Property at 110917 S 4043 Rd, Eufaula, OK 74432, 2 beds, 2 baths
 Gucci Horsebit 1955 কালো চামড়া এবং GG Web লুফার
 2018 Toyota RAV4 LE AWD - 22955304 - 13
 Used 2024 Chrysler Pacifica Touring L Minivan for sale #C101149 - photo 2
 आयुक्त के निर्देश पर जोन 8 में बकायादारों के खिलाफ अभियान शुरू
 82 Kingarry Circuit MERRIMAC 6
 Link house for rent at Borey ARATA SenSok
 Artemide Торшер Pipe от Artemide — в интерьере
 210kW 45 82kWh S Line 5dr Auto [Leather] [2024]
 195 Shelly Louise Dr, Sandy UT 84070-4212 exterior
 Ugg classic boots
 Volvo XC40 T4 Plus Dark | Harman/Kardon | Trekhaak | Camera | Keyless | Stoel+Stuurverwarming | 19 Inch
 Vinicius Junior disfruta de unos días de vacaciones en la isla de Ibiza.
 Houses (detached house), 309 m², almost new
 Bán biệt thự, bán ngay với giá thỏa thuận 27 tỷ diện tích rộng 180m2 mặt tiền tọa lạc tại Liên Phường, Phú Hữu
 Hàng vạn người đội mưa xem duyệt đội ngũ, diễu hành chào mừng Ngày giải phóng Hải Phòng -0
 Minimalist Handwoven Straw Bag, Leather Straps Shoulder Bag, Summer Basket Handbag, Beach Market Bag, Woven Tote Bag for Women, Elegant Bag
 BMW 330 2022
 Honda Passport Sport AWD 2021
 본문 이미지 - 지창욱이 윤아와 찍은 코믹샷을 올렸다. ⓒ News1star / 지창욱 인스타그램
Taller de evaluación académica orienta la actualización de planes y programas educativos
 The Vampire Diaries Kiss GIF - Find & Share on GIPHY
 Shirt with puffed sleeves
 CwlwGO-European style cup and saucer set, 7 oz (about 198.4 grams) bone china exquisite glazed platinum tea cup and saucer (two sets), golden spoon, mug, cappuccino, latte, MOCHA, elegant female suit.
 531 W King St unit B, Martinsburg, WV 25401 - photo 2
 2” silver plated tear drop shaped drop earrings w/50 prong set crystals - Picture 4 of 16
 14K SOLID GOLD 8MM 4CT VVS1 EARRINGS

◇ ◇ ◇ ◇ ◇ ◇ ◇

Task description:
From the line containing "CwlwGO-European style cup" down to the last line of the listing above, give every line again exactly, and add nothing.

Answer box:
 CwlwGO-European style cup and saucer set, 7 oz (about 198.4 grams) bone china exquisite glazed platinum tea cup and saucer (two sets), golden spoon, mug, cappuccino, latte, MOCHA, elegant female suit.
 531 W King St unit B, Martinsburg, WV 25401 - photo 2
 2” silver plated tear drop shaped drop earrings w/50 prong set crystals - Picture 4 of 16
 14K SOLID GOLD 8MM 4CT VVS1 EARRINGS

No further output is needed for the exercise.